(Stored data begins)

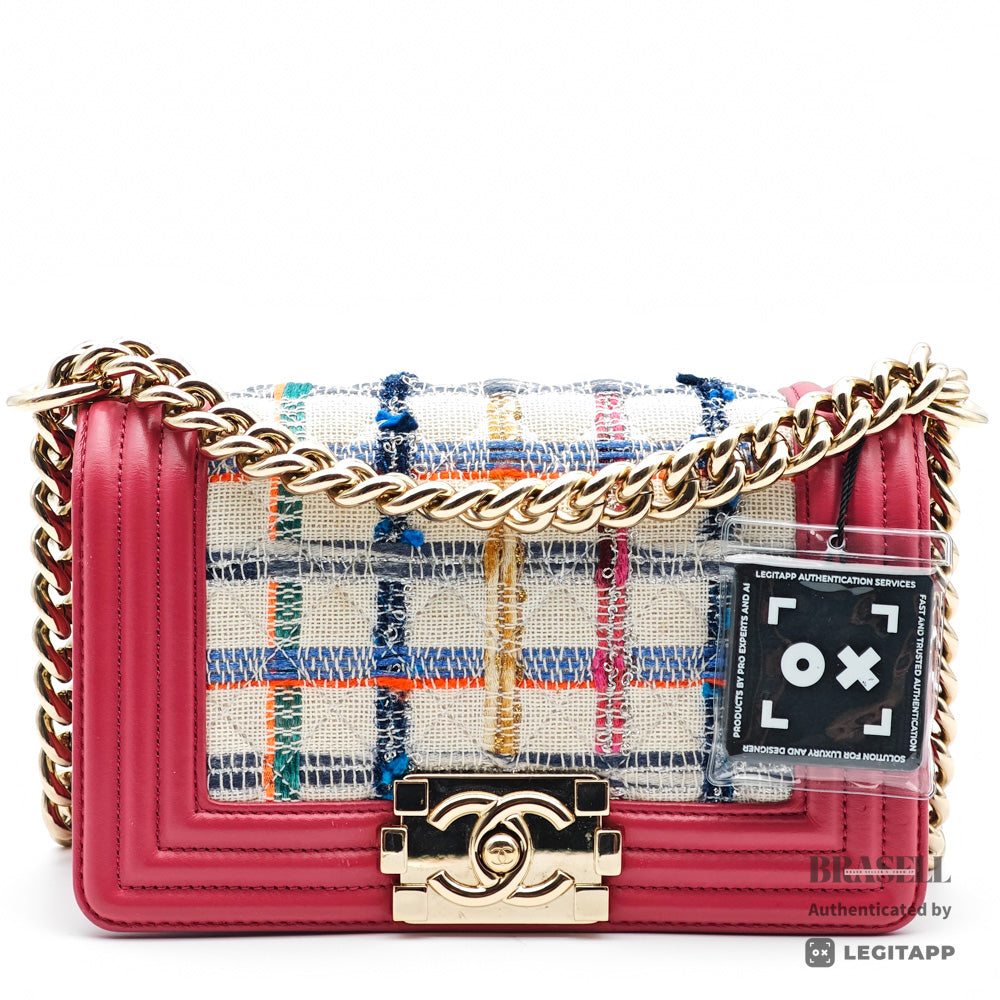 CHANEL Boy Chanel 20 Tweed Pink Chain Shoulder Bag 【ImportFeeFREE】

(Stored data ends)
(Stored data begins)

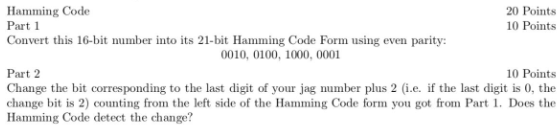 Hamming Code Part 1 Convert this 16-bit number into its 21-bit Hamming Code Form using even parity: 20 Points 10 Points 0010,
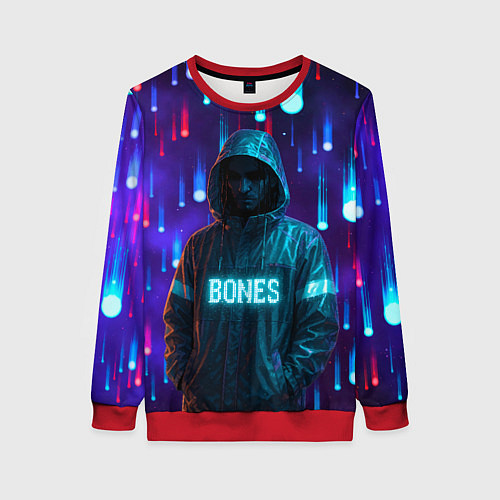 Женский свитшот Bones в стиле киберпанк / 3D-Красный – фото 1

(Stored data ends)

● Problem description: Range to copy from the listing above: the line containing "Hamming Code Part" down to the line containing "Женский свитшот Bones", both included. Reproduce it exactly, minus the pictures, and add nothing.

● Output for this exercise:
 Hamming Code Part 1 Convert this 16-bit number into its 21-bit Hamming Code Form using even parity: 20 Points 10 Points 0010,
 Женский свитшот Bones в стиле киберпанк / 3D-Красный – фото 1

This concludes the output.